I’d say that our friendship is GOLDEN! ;-)
Make yourself something hot to drink, pull up your favorite story of hers, sit back, and enjoy. I promise; you won’t be disappointed.
(Our heartfelt thanks go to deemichelle for writing this lovely introduction.)
Want to give Hermione a run for her money in the know-it-all field? Simply play the quiz by commenting on this post with your answers at any time over the weekend. All comments with answers will be screened until the answer sheet is posted on Monday morning EST. On Monday, all quizzlings with the correct answers will receive a pretty banner to prove their quiz prowess. Ready? Set? Play!

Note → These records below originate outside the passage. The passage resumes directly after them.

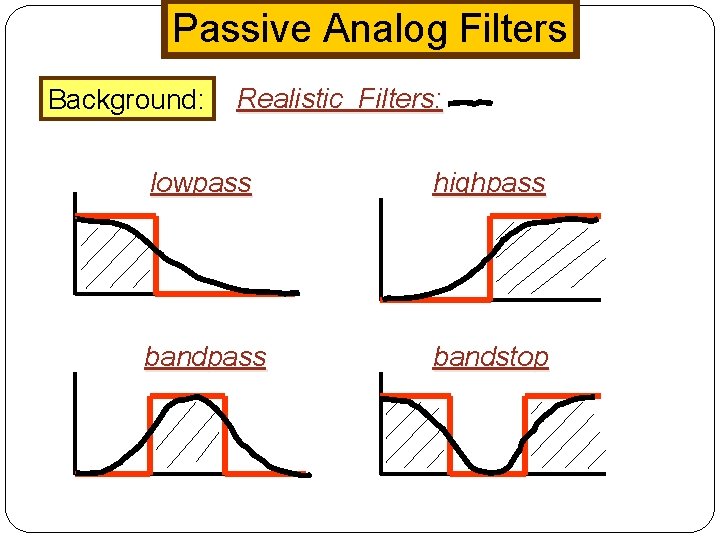 Passive Analog Filters Background: Realistic Filters: lowpass highpass bandstop 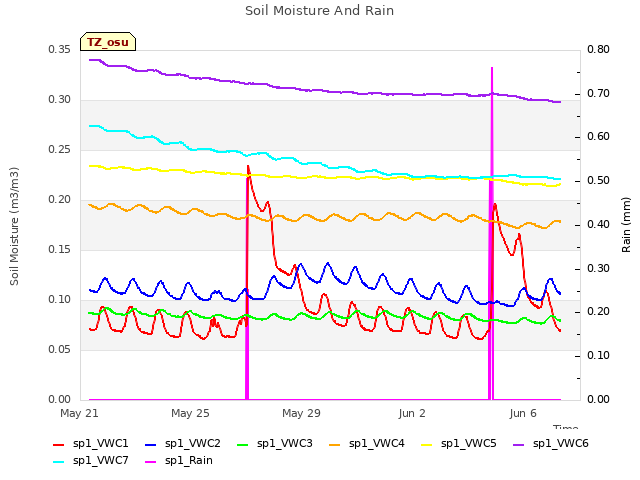 Explore the graph:Soil Moisture And Rain in a new window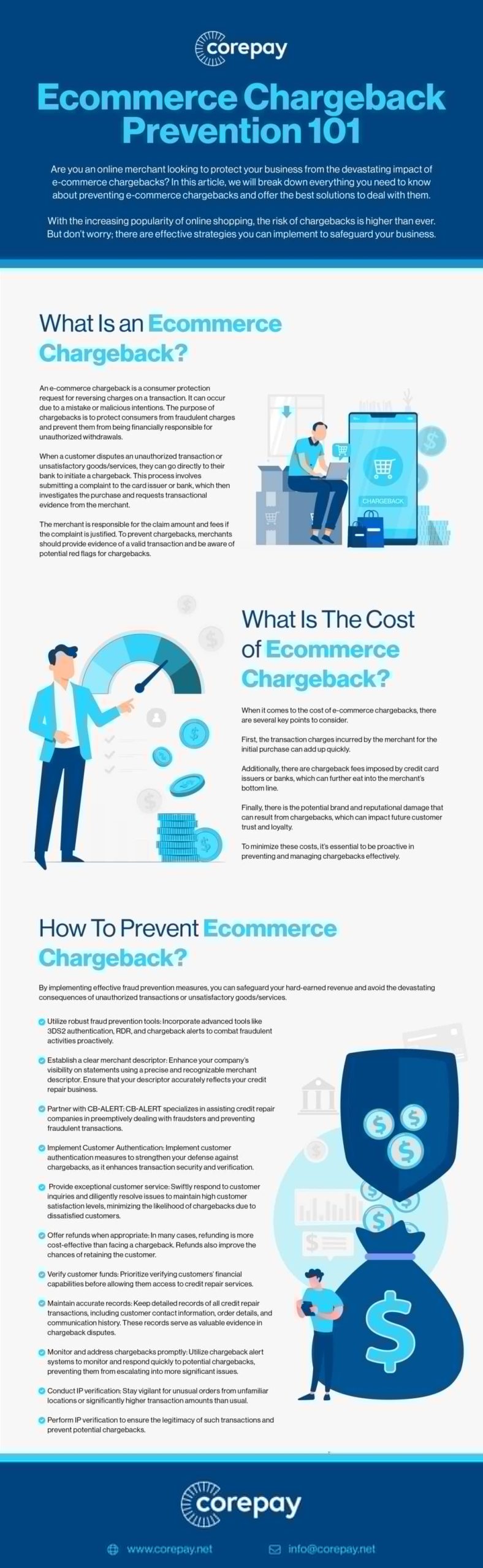 E-Commerce Chargeback Protection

Match the quotes to the story titles without picking the red herring titles:
A Hero’s Worth
An Unlikely Prince
Run to the Water
Beneath the Cedars
Fighting With Honey
A Mess in the Kitchen
From What I’ve Tasted of Desire
Know Me Not
The Witch’s Snare
The Tenant of Lyonesse Hall WIP
1. "I could curse that chairman for refusing your request; you would have gone to Lisbon if not for the challenge that Vienna posed for you."
"Didn't you read Minerva's letter? It was worth speaking at a lesser conference just to see the look on Lee Kong's face when he Floo'd me to ..."
"It's a fine conference, Hermione, but your research was far too specialized to be presented there."
"I presented it. Successfully, too. And you said it couldn't be done."
"Well." He crossed his arms. "It couldn't. You required much assistance to speak there."
"Don't start with me, you bastard," she said playfully.
"Out of retorts, Miss Granger? Must you resort to calling me childish names?" his voice intoned, eyes piercing but dancing with a familiar light. Hermione's eyes locked with his, the fireplace crackling behind him.
"Would you like some coffee, Severus?" she asked, not listening for his reply as she turned and walked back over to the kitchen. Damn how attractive he was when they argued. Damn his appeal ...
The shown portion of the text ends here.